First, we’ll look at the hierarchical clustering output with the indicators only. We can use a dissimilarity matrix D0 calculated with the indicators.

Code
zat_std2 <- readRDS("../../../../clean_data/ZAT/zat_std2.rds")

D0 <- dist(zat_std2)
tree <- hclustgeo(D0)
plot(tree, hang = -1, label = FALSE,
    xlab = "", sub = "",
    main = "Ward dendrogram with D0 only")

rect.hclust(tree, k = 4, border = 1:4)
legend("topright", legend = paste("cluster", 1:4),
  fill = 1:4, bty = "n", border = "white")

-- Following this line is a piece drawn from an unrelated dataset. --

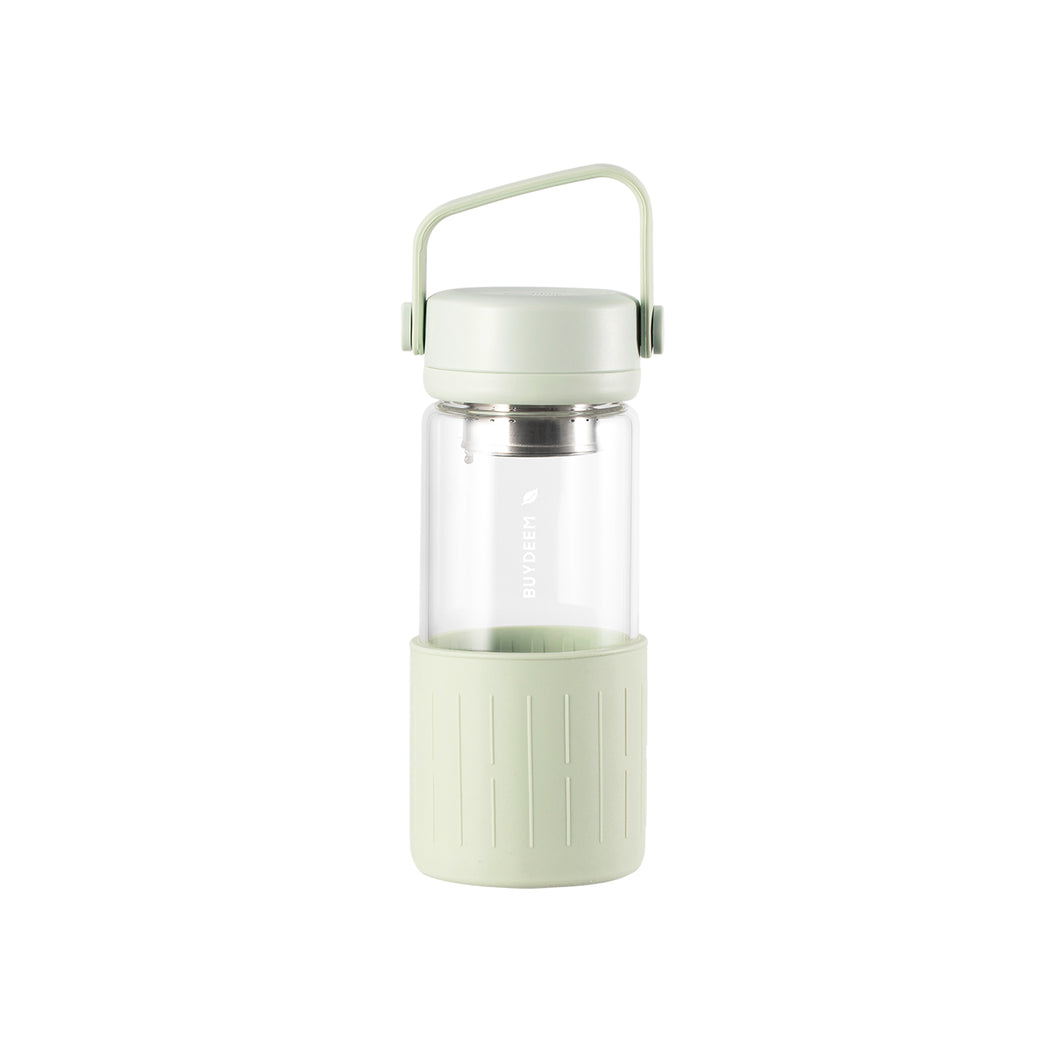 Portable Glass Bottle/Tumbler with Tea Strainer (350ML)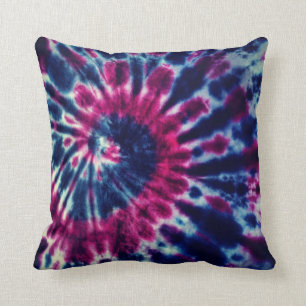 Burgundy en Royal Blue Tie Dye Sierkussen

We can use this dendrogram to illustrate the arrangement of the clusters produced by hierarchical clustering, and the height at which any two clusters are joined together represents the distance or dissimilarity between those clusters. Depending on the linkage method, the dissimilarity is measured differently:

  • Single Linkage (Nearest Point): The height indicates the shortest distance between any member of one cluster and any member of another cluster.
  • Complete Linkage (Farthest Point): The height shows the longest distance between any member of one cluster and any member of another cluster.
  • Average Linkage: The height represents the average distance between all members of one cluster and all members of the other cluster.
  • Ward’s Method: The height corresponds to the increase in the total within-cluster variance after merging two clusters.

For this post, we’ll be using Ward’s Method. And from the dendrogram, we are choosing k = 4 as the component number, as shown above in the different colored rectangles. And the resulting partition looks like this:

Code
p4 <- cutree(tree, 4)
source("../../../../functions/get_cluster.R")

zat_hclust <- get_cluster(zat_std2, p4)

hclust_geo <- zat %>% 
  mutate(clus = p4) %>% 
  st_zm()
Code
pal <- c("#225ea8","#41b6c4","#a1dab4","#fecb3e")
source("../../../../functions/cluster_plot.R")

map <- ggplot()+
  geom_sf(data = hclust_geo, fill = pal[hclust_geo$clus])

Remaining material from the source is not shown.